Malcolm Edwards, former Gollancz chair and consultant publisher at Orion who left Hachette UK in May after 43 years at the company, will join Welbeck Publishing in September to serve as publisher of André Deutsch. He will “focus on resurrecting and reviving the Deutsch fiction backlist, alongside developing a new front list strategy which will concentrate on publishing new titles in some of his key areas of expertise: crime, thriller, science fiction, fantasy and horror.” Executive director Mark Smith says in the announcement: “Malcolm’s appointment allows us to begin to reinvent, republish and resurrect titles from high-quality authors that André Deutsch and Diana Athill assembled over the course of the company’s history. Alongside this backlist refresh, Malcolm will establish a new front list identity for the imprint, concentrating on the areas in which he has been so successful over his career.”
Athena Bryan has joined Melville House as editor. She previously worked at Public Affairs.
Bookselling
Further to our report from earlier this month, Amazon has confirmed that the hiring underway for a new Nashville physical store is for another Amazon Books outlet, a 4,600-square-foot store in the Mall at Green Hills. (As reminder, new stores of some kind of are in progress for Houston and Detroit as well.)

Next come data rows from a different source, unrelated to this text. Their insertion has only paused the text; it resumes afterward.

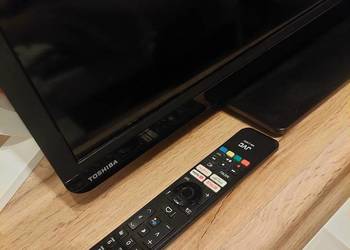 Tv Toschiba + pilot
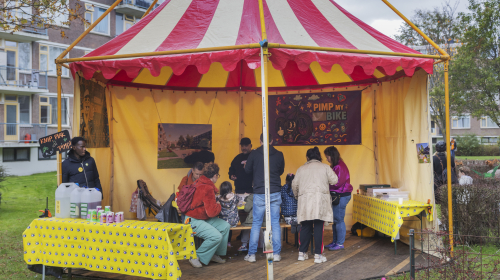Kinderen pimpen hun fiets tijdens festival De Betovering
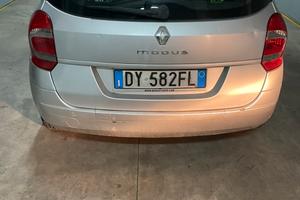 Privato vende autovettura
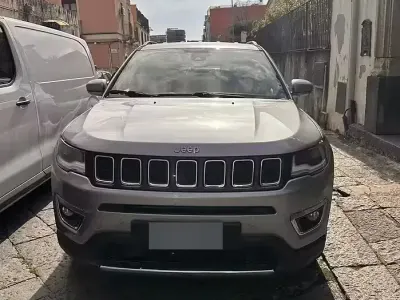 Käytetty Jeep Compass 140 HP (102 kW) 2019 Katumaasturi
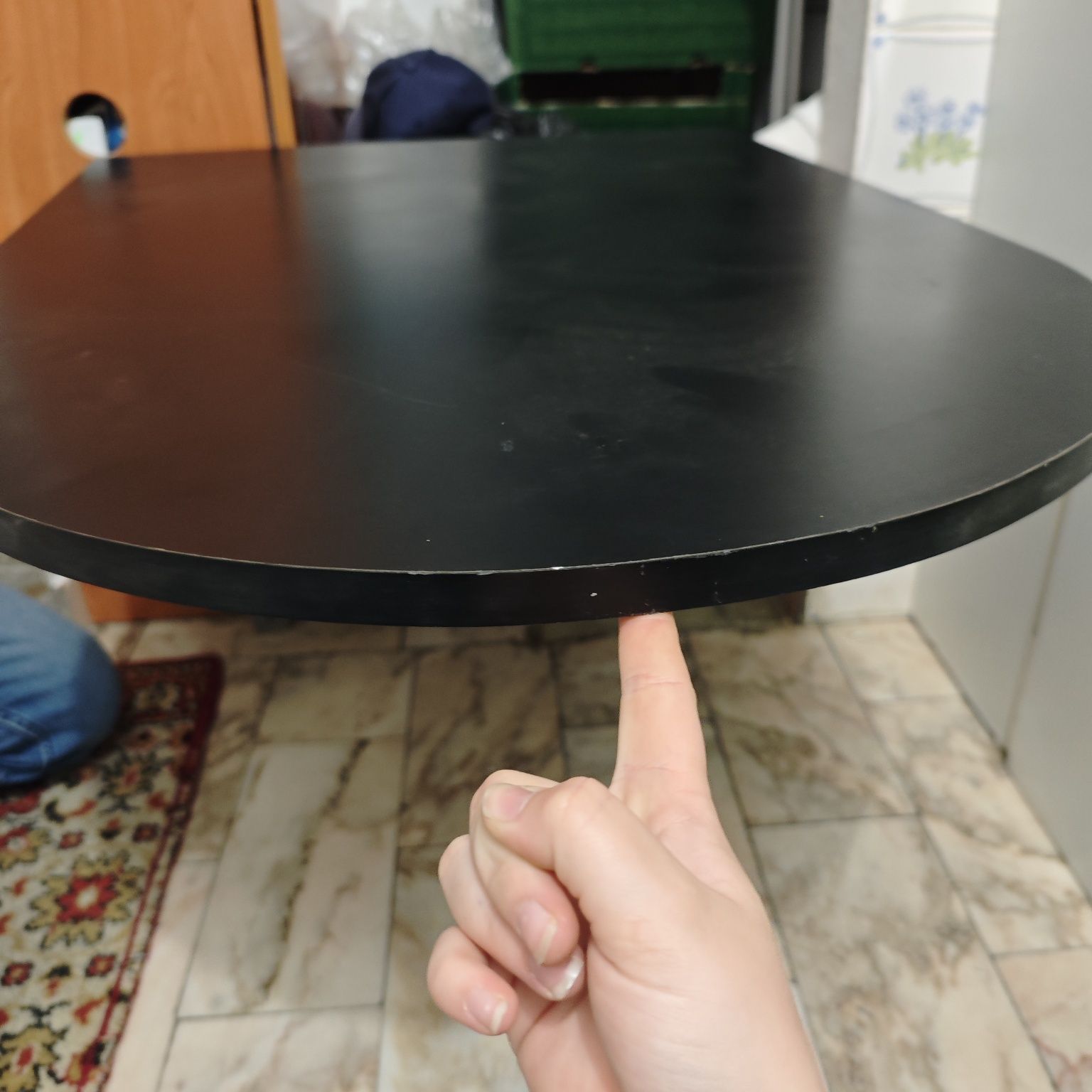 Mesa de apoio fixada na parede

San Francisco’s Books Inc. in Laurel Village reopens today after a remodel.
Context
The NYT is looking for a new publishing reporter. The wording of the listing says a lot about how the paper already views us, “A beat we see as encompassing news about the industry; analysis of how books, publishers and readers are changing; profiles of editors, agents and authors; and trends in book retailing, ecommerce and intellectual life. That means covering the booming audiobook world and the ways in which books intersect with podcasting, YouTube and every facet of Silicon Valley. It means looking at who gets published and why, what sells and who is reading which books on which platforms. This reporter will cover where the money gets spent: major deals, the books that sell and that books that fail to sell despite outsize advances. From breaking news to enterprise to investigations, the publishing reporter will cover an industry that wields enormous cultural and political influence despite the economic headwinds it faces.”